助詞の「を」と「で」の違いを問われることがあります。「空を飛ぶ」と言うのに、「空で飛ぶ」とは言いません。「海を泳ぐ」というのも、ちょっとおかしいでしょう。「海で泳ぐ」ならば自然です。それでは「を」と「で」は、どう違うのでしょうか。

助詞「を」がつく言葉は、どんな概念が想定されるのか、「で」がつく言葉は、どうなのか、ここが問題です。「海を渡る」のように「海を」で問題ないケースもあります。「空」にしろ「海」にしろ、その扱い方が「を」と「で」で違うのです。

たとえば「図書館を借りる」と「図書館で借りる」を考えてみると、「図書館」の概念に違いがあるのが感じられることでしょう。図書館をすっぽり包み込むように全体を対象とする感覚と、図書館の中でのある区切られた領域がかかわる感覚の違いです。

     

2 「全体を表す概念」と「対象を区切る概念」

「空を飛ぶ」なら、空を自由に飛び回るニュアンス、「海を渡る」なら、海の端から端へと移動していくニュアンスがあります。ここでは「空」も「海」も包み込むように大きくとらえられています。「空」も「海」も、全体を表す概念だということです。

「海で泳ぐ」「プールで泳ぐ」のように「で」がつく場合、「海」や「プール」は全体概念を表しません。「海の中」「プールの中」のことです。助詞「で」は、「20時で閉店になります」や「新宿駅で降りる」のように、対象を区切る概念を示します。

海の限られた領域、プールの限られた領域、時間でいえば区切りまでの期限、路線でいえば区切りの場所を示します。「で」がつく対象の場合、全体を表しません。対象とされるものの内部でのことであり、区切られた領域が対象となっています。

      

3 「絶対的な全体概念」と「選択された限定概念」

「空を飛ぶ」と「海で泳ぐ」における「を」と「で」の違いはわかったことでしょう。私たちは感覚的にわかっているのです。「を」は対象の全体像を表し、「で」は全体像の中の領域を表します。さらに、別の言い方での説明を追記して、補強しておきましょう。
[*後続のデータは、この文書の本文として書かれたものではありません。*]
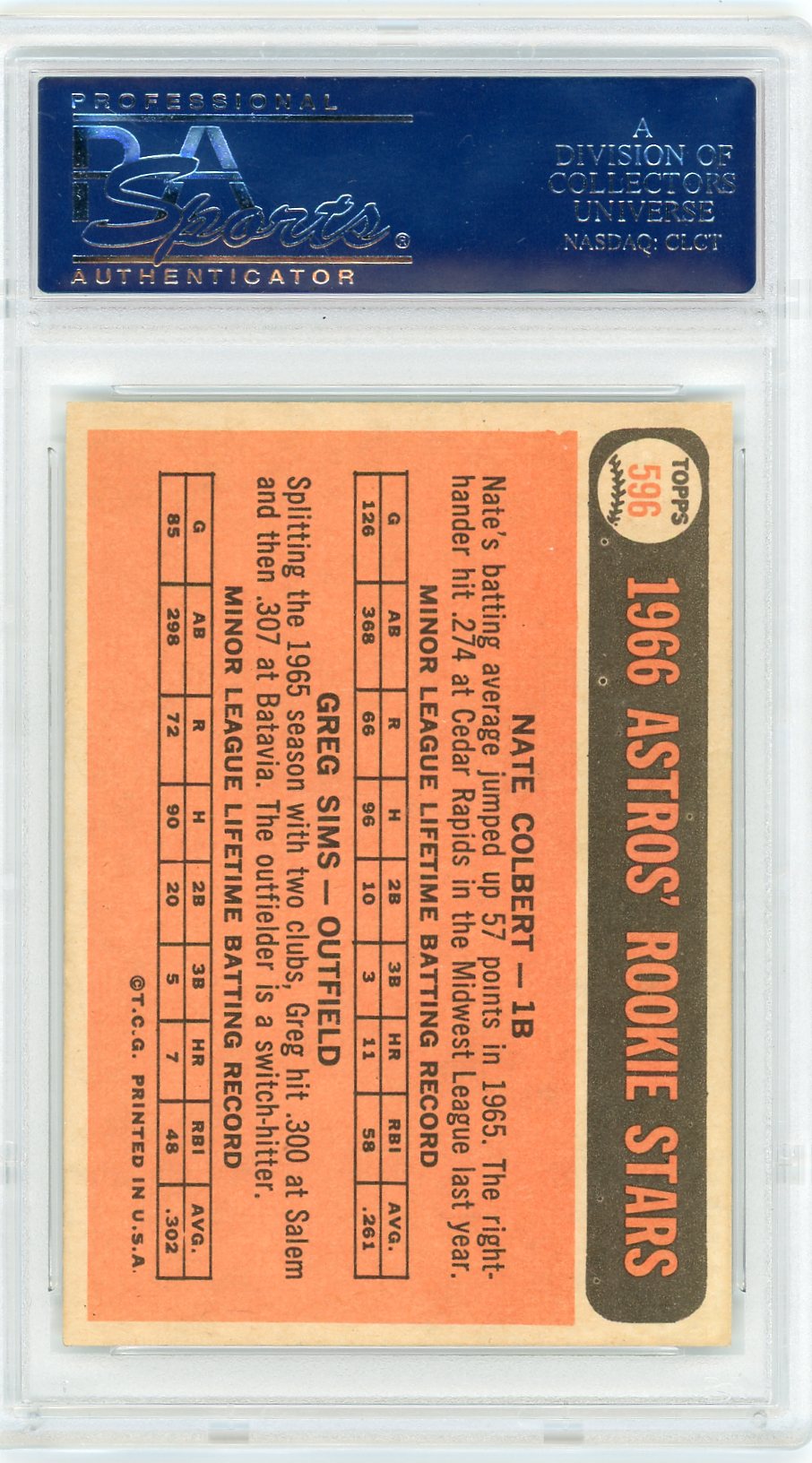 1966 Topps Astros Rookies #596 N. Colbert G. Sims PSA 6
「鈴木選手はオリンピックで金メダルを獲得した」の場合、「オリンピックで」から「なになにオリンピック」や「オリンピックのある種目」が思い浮かびます。全体の中のある部分です。「金メダルを」ならば、対象のある部分ではなくて全体の概念になります。

「どこどこで・誰を」(新宿で鈴木さんを)ならば、場所が選択され、対象は絶対的なもの。「なになにで・誰を」(夢で鈴木さんを)の場合でも、場面・物事が選択され、対象は絶対的な概念です。選択された限定概念と、絶対的な全体概念の違いがあります。

日本語の文法書では、かなり難しいことが書かれていました。その説明がよくわからなかったのです。私たちは使い分けが問題なくできているのに、説明がわからないのはヘンでしょう。上記の説明ならわかると言われたので、書いてみました。さて、どうでしょう。